*** SOURCE MATERIAL ***

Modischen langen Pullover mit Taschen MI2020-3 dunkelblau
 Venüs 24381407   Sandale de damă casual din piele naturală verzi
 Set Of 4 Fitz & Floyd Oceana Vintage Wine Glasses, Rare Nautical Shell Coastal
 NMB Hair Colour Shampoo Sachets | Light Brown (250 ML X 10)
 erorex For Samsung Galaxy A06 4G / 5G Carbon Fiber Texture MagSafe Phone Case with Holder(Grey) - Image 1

***

#### TASK GOAL
Would you please restate all of the entries exactly?

#### TASK OUTPUT
Modischen langen Pullover mit Taschen MI2020-3 dunkelblau
 Venüs 24381407   Sandale de damă casual din piele naturală verzi
 Set Of 4 Fitz & Floyd Oceana Vintage Wine Glasses, Rare Nautical Shell Coastal
 NMB Hair Colour Shampoo Sachets | Light Brown (250 ML X 10)
 erorex For Samsung Galaxy A06 4G / 5G Carbon Fiber Texture MagSafe Phone Case with Holder(Grey) - Image 1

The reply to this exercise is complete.